[What to do]: Everything from the line containing "Garçon avec des" through the last line of the listing below should be returned exactly, except for pictures.

[Study material]:
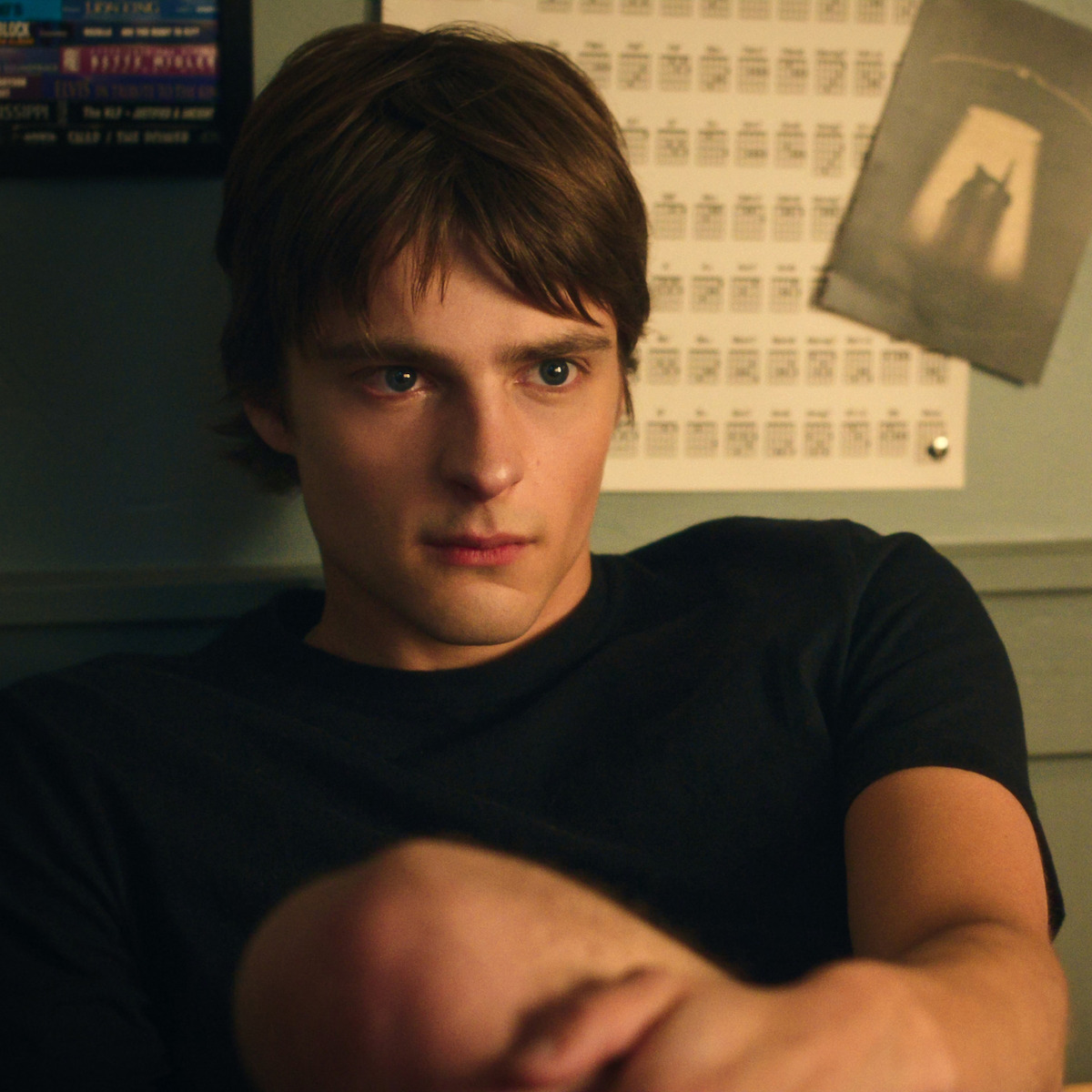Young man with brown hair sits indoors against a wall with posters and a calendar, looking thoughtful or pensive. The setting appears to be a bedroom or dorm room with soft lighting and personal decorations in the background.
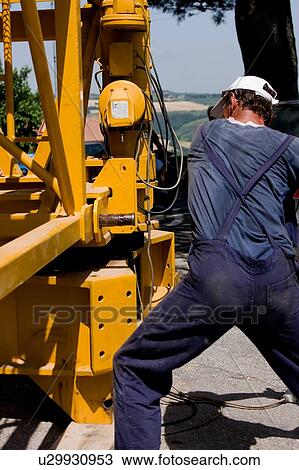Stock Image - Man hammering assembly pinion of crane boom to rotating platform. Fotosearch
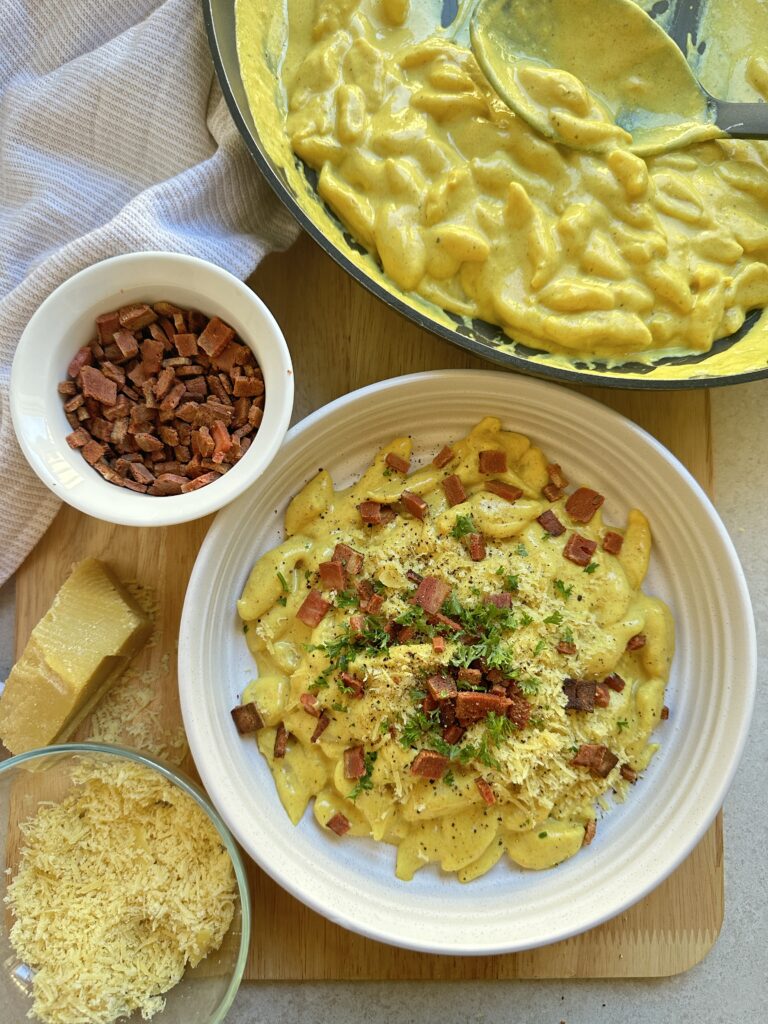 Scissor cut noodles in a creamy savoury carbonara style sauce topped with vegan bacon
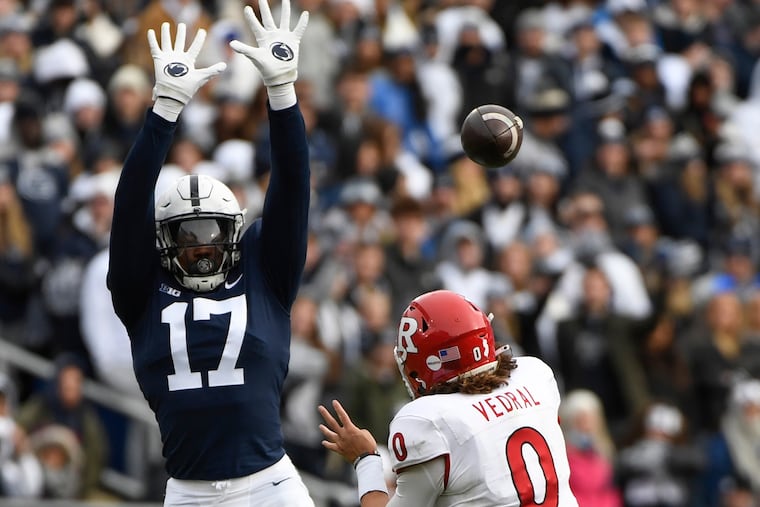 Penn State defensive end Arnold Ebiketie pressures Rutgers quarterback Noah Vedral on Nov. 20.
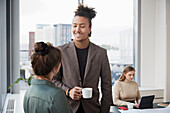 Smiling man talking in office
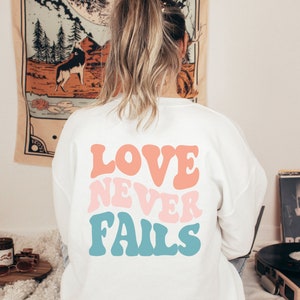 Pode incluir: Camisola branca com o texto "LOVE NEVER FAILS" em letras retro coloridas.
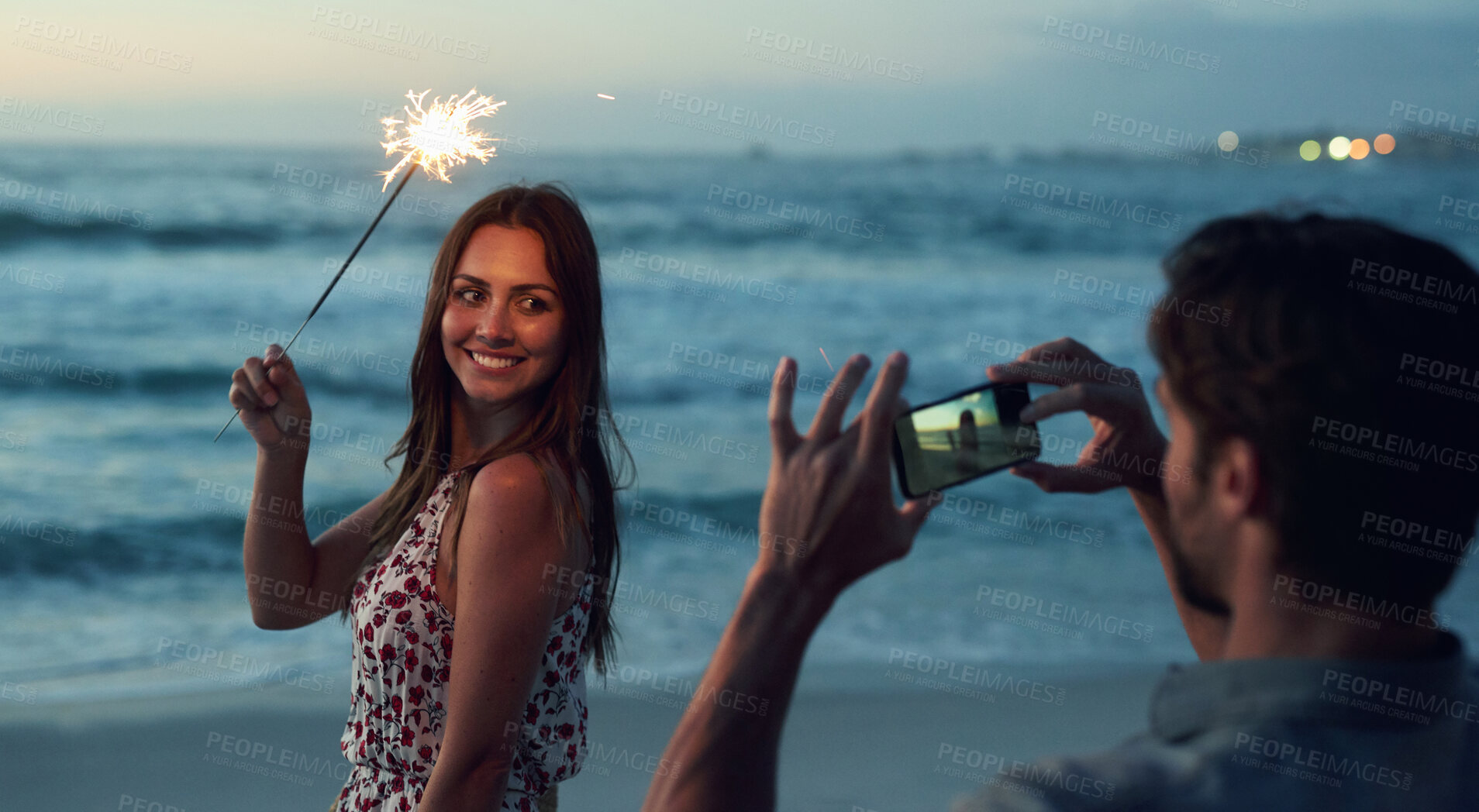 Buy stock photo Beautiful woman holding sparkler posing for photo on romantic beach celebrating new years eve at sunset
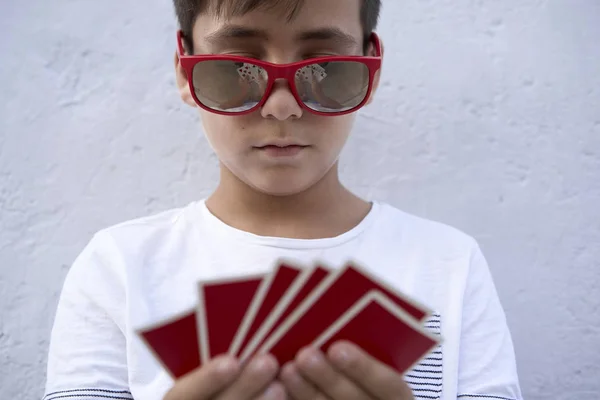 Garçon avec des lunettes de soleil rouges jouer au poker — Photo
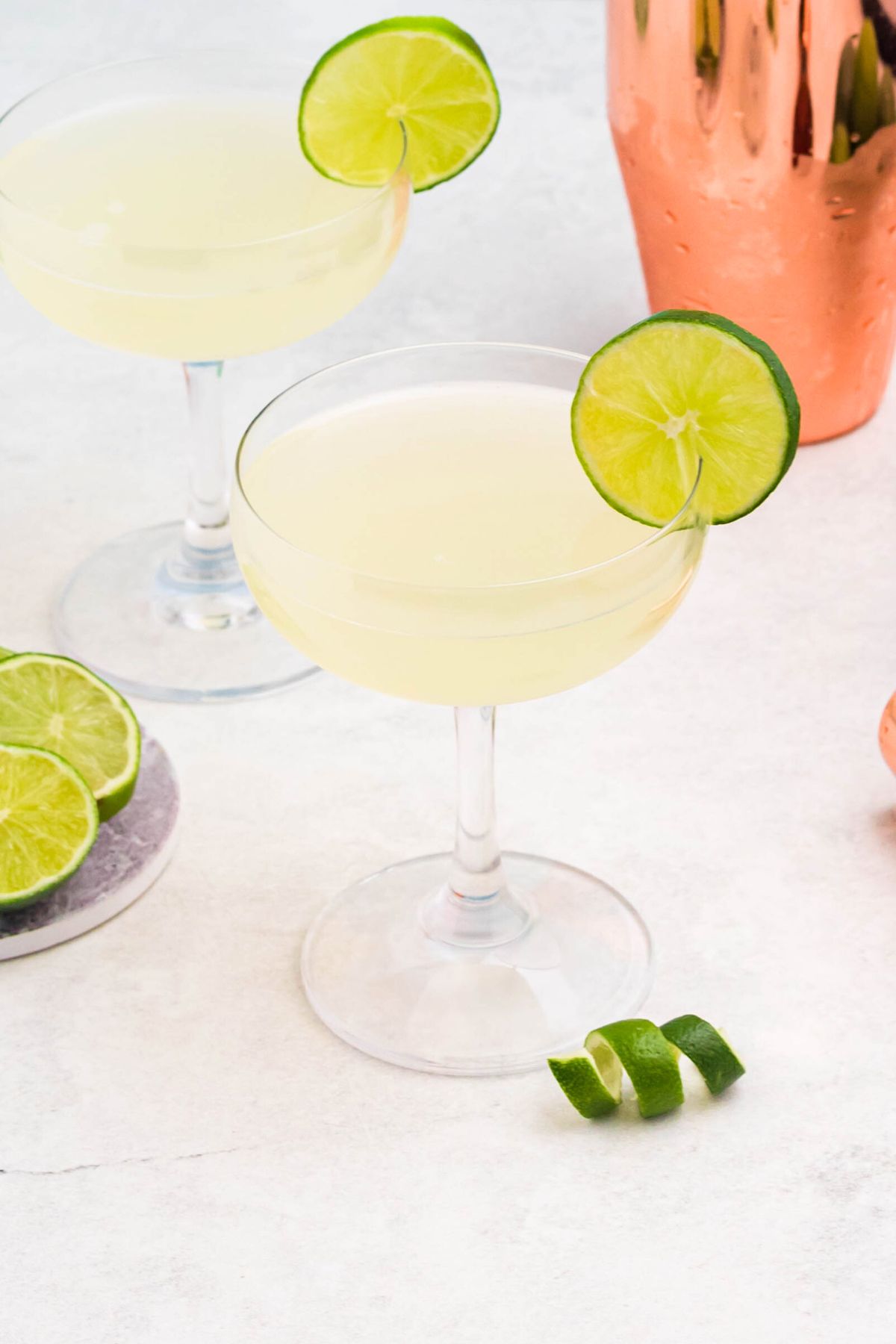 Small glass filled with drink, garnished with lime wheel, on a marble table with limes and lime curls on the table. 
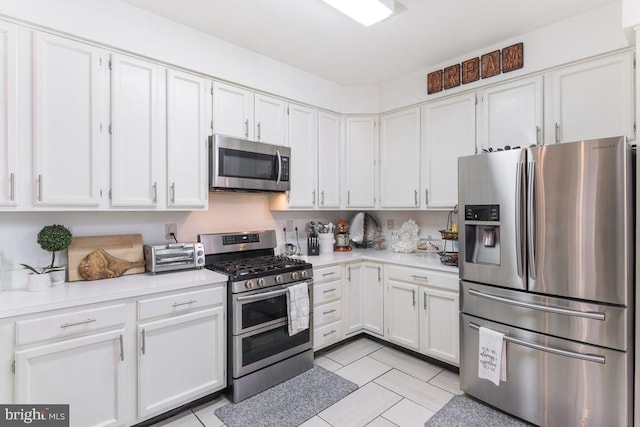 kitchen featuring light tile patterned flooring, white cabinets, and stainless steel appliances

[Exercise result]:
 Garçon avec des lunettes de soleil rouges jouer au poker — Photo
 Small glass filled with drink, garnished with lime wheel, on a marble table with limes and lime curls on the table. 
 kitchen featuring light tile patterned flooring, white cabinets, and stainless steel appliances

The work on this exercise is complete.